The area enjoys four distinct seasons, which is ideal for the growth of silkworms. It is a major silk production center in China, where sericulture, silk reeling, dyeing and embroidery are developed.
After studying cultural and creative products elsewhere in the country, Chen understood that these products had to be based on distinctive local resources to make the cut. That was when he first thought of silk. However, painting on silk was not easy.
"The color, ink and lines just can't interact on the surface of silk to a desirable effect, as they can on paper," Chen says.
Therefore, he traced the source to silkworm cocoons.

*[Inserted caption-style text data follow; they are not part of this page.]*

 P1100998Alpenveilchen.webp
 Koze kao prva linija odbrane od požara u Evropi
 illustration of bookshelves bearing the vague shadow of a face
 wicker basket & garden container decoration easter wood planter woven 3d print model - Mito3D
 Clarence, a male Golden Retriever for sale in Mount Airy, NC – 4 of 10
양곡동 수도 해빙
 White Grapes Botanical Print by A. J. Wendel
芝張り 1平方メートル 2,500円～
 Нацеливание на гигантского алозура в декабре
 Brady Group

However, he found the cocoons to be soft and with pupae (insect) inside.
"It makes painting difficult and is hard to preserve, since the pupae will decay, especially quicker in a humid environment," he says.

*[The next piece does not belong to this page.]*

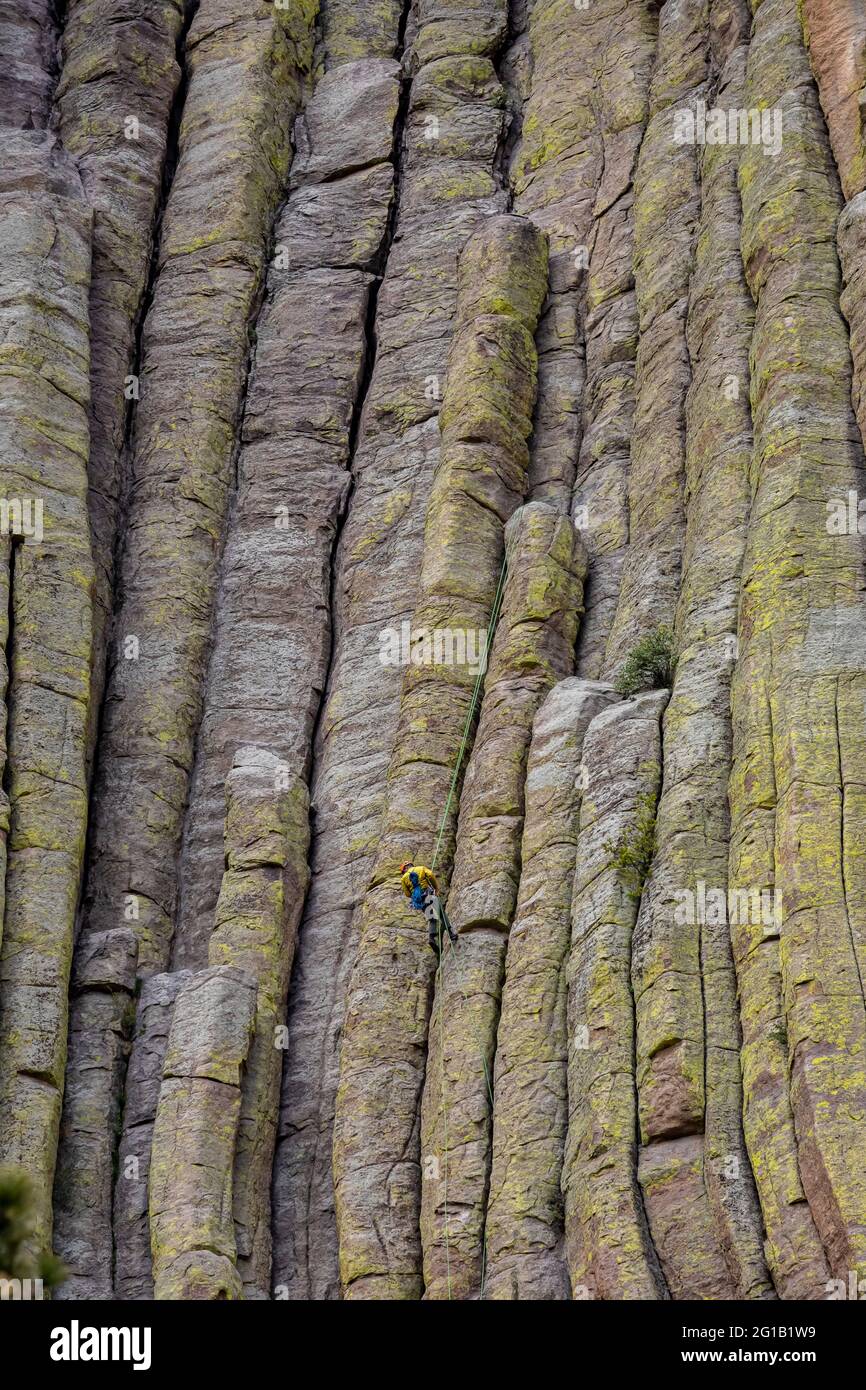 Climbers on the Cracks of Devils Tower im Devils Tower National Monument, Wyoming, USA [Keine Model-Veröffentlichung; nur für redaktionelle Lizenzierung verfügbar] Stockfoto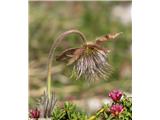 Spomladanski kosmatinec (Pulsatilla vernalis), bohinjske gore, Slovenija.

He was determined to remove such problems from his path after his early cocoon art on display at the 2010 Shanghai Expo got a good deal of attention from visitors.
"Although my cocoon-painting technique hadn't matured then, it gave me faith in the art," he says.

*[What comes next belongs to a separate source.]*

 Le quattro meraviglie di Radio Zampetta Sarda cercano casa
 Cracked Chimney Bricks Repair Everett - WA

It took him more than two years to clear the obstacles after looking into related documents and consulting chemistry experts. The goal was to harden the cocoon surface while stabilizing elements inside.
"The idea was to find the optimum temperature and space to treat various numbers of cocoons-say from 10 to 1,000 in a batch," Chen explains.
It was through trial and error that he arrived at a desirable result and the four methods he developed were patented.
Then, Chen got to do what he had been doing at home with the cocoons-art.
Chen tapped into folk cultural elements, adapted and featured them in hundreds of his cocoon works, which he brought to various public events, especially at the 2016 World Internet Conference in Wuzhen.
His works, featuring Peking Opera elements and cartoons dealing with realistic issues in humorous and philosophical ways, struck a note with international guests.
"They were interested in cultural and creative products during our exchanges," Chen says.
In recent years, Chen has tried to integrate tradition with modern appreciation.
"The works would help to promote folk culture if taking into account contemporary standards of beauty," he says.
Now, his cocoon art includes accessories, such as necklaces and pendants, and ornamental items for tables.
In 2018, Chen worked with Zhejiang Sci-Tech University and led some 20 postgraduate students to dig into sericulture and explore artistic expressions.
The university has set up a space at its silk museum to display Chen's cocoon artworks that have drawn people from different walks of life.
"I think sericulture has made a strong presence as more people have bought my works and I have been invited to give lectures or exchange notes with people from other fields," he says.
Speaking about sericulture protection and inheritance, Chen says participation is the key.
He has visited communities, schools and rural areas to engage the public in developing cocoon paintings.
Chen has developed special kits that enable adults and children to make their own cocoon art for fun. He also translated lyrics of ancient songs about silkworms into plain words for the public to better understand the history of sericulture.
In Taoyuan, Tongxiang, Chen has helped integrate rural tourism and culture since 2020. The village is known for growing a type of plums called zuili, and Chen's cocoon art has brought more visitors to appreciate what the place has to offer.
A museum for cocoon art was set up in 2020, where Chen offers visitors interactive experiences.
"More students on learning tours have visited our village since the museum opened," says Ling Feng, an official in Taoyuan village.
"Their parents also come along," he says, adding that the combination of cocoon art and plums has given the rural economy a boost.
Chen calls for more joint efforts among governments, enterprises and artists in preserving sericulture.
"Not just cultural and creative items, mulberry wine, tea and even facial masks can be developed from sericulture," he says.
Chen says he will also do more to popularize traditional culture.
"I have noticed that international guests are more ready to take in our folk culture through interactions with it themselves," he says.